Il punto sulla questione è stato fatto nella sede dell’Ente parco e riguarda questo insetto segnalato per la prima volta nelle Marche nel novembre 2018 ma che ora si sta diffondendo. In Campania è già presente da anni e nel nostro territorio si stanno mettendo a punto soluzioni per limitare il fenomeno.

Marchalina hellenica è una cocciniglia esotica che si nutre della linfa dei pini e produce evidenti secrezioni cerose biancastre simili a fiocchi di cotone nelle fessure della corteccia di tronchi e rami. La chioma degli alberi attaccati deperisce e dissecca progressivamente pertanto è necessario evitare la sua diffusione in nuovi areali. La dispersione dell’insetto avviene soprattutto in modo passivo da parte del vento, degli uccelli e dell’uomo. Lo spostamento dei residui di potatura e la sosta degli autoveicoli sotto la chioma di piante infestate rappresentano i mezzi di dispersione più efficaci nelle medie e lunghe distanze.
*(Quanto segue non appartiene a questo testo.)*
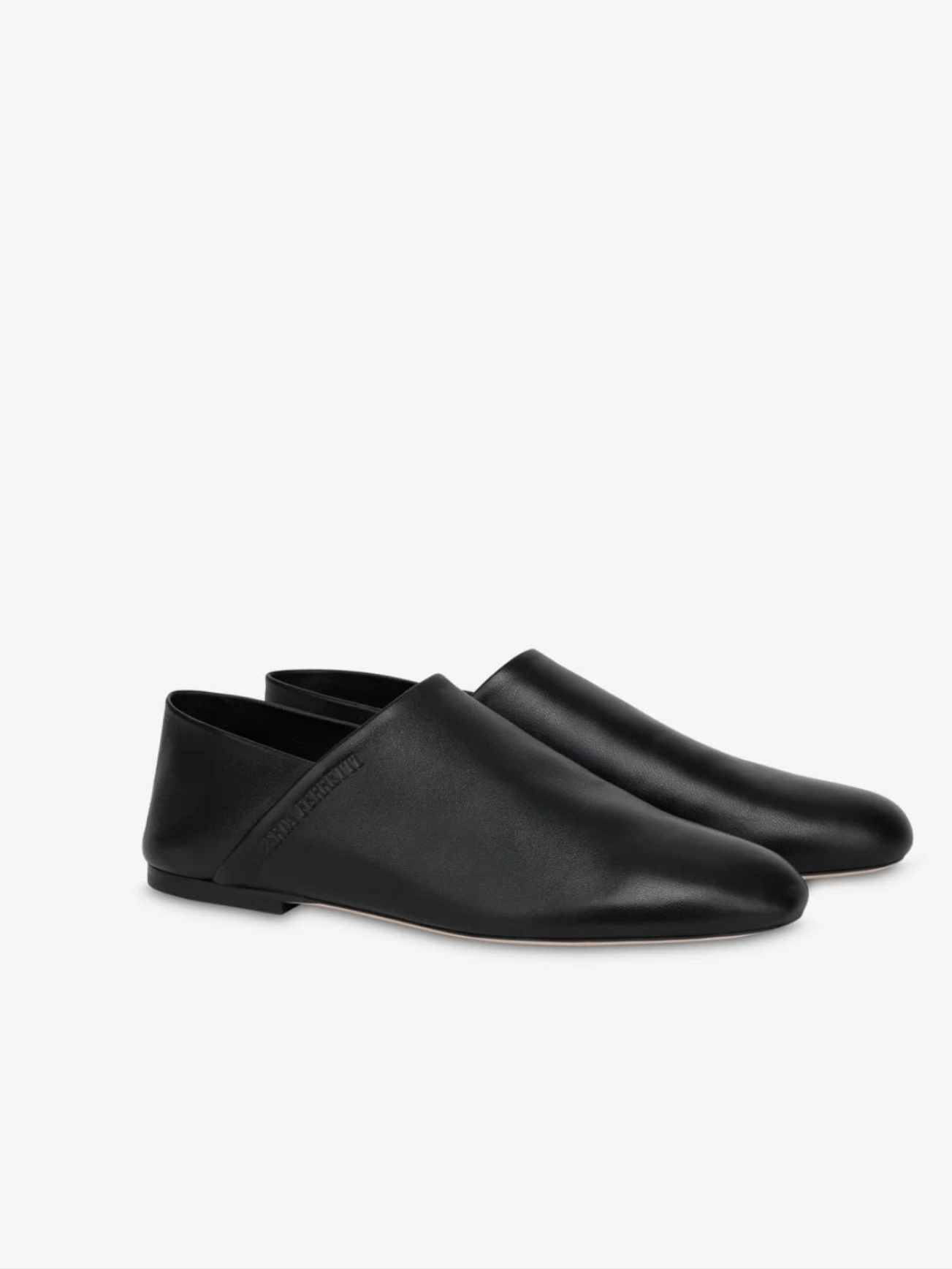 Alberta Ferretti - Scarpe slipper in nappa, nero
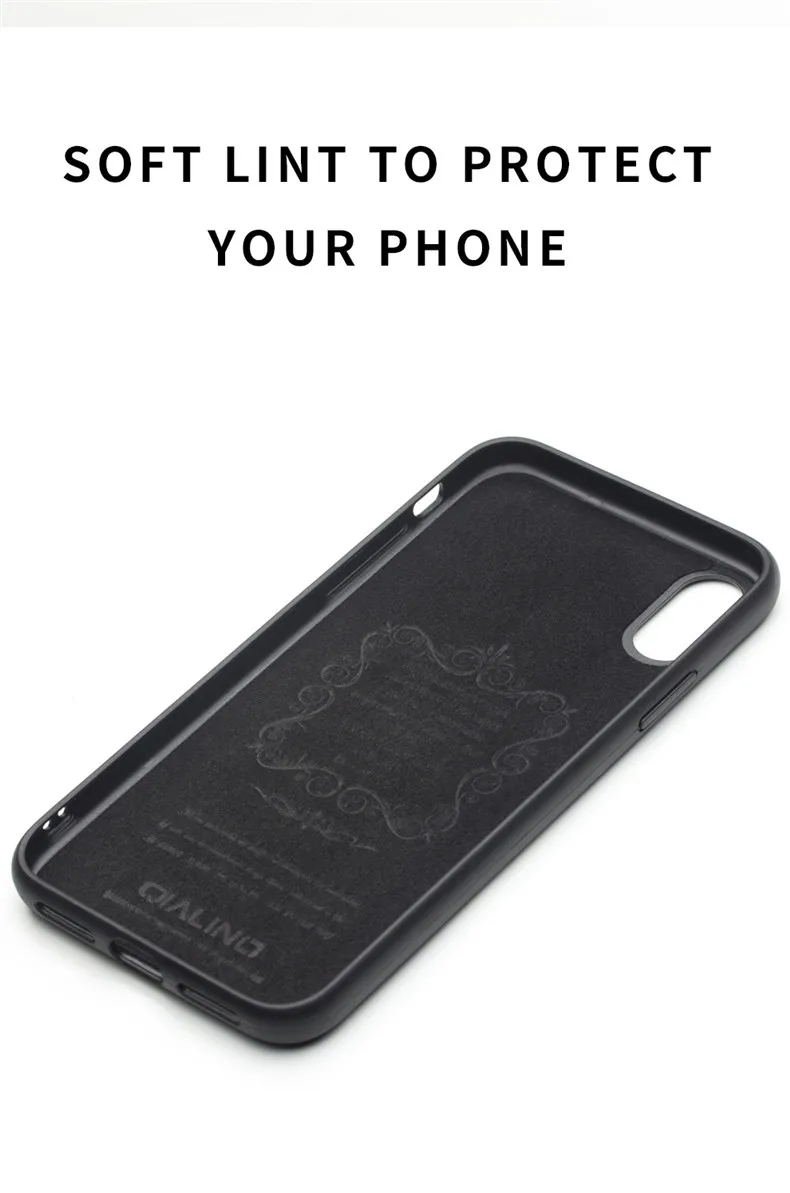 QIALINO Тонкий чехол из натуральной кожи для iPhone XS/10 Модный Роскошный Ультратонкий чехол для телефона для iPhone XS для 5,8 дюймов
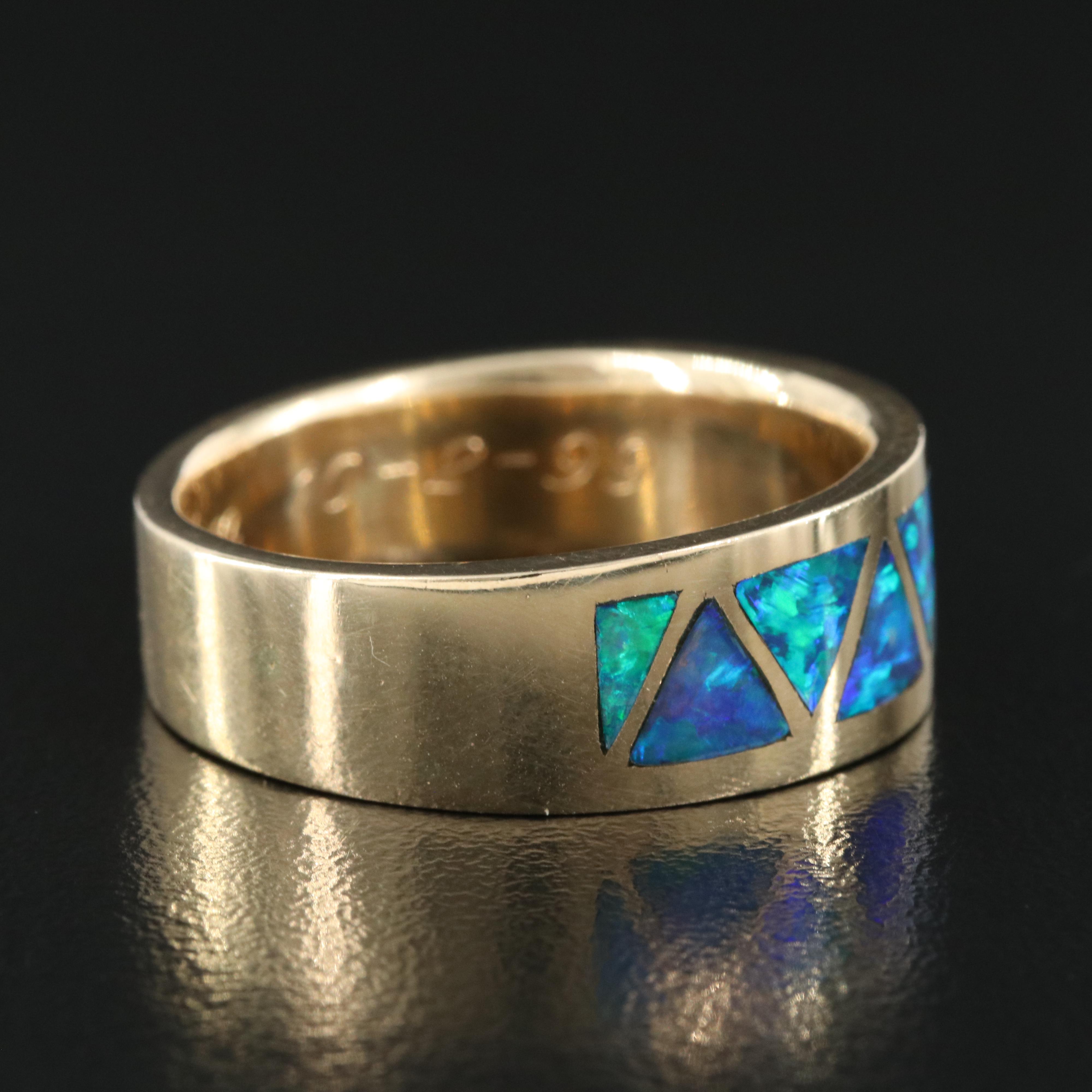 14K Opal Inlay Ring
Al fine di evitare la diffusione dell’insetto nel territorio è opportuno effettuare spostamenti di legname infestato solo ai fini del conferimento presso l’isola ecologica del comune di riferimento e porre sempre particolare attenzione nella pulizia dei mezzi parcheggiati nella zona sottostante la chioma di piante infestate.

“Per valutare l’efficacia della lotta endoterapica come strumento di controllo delle infestazioni – dice il Direttore dell’Ente parco Marco Zannini – il Parco del Conero, il Servizio fitosanitario regionale (AMAP) e le amministrazioni comunali di Numana e Sirolo intendono avviare un progetto di sperimentazione che prevede l’esecuzione di trattamenti endoterapici su piante infestate”.

Pertanto, i cittadini di Numana e Sirolo che possiedono piante di pino infestate dalla cocciniglia greca possono partecipare alla sperimentazione comunicando la disponibilità direttamente alle proprie amministrazioni comunali.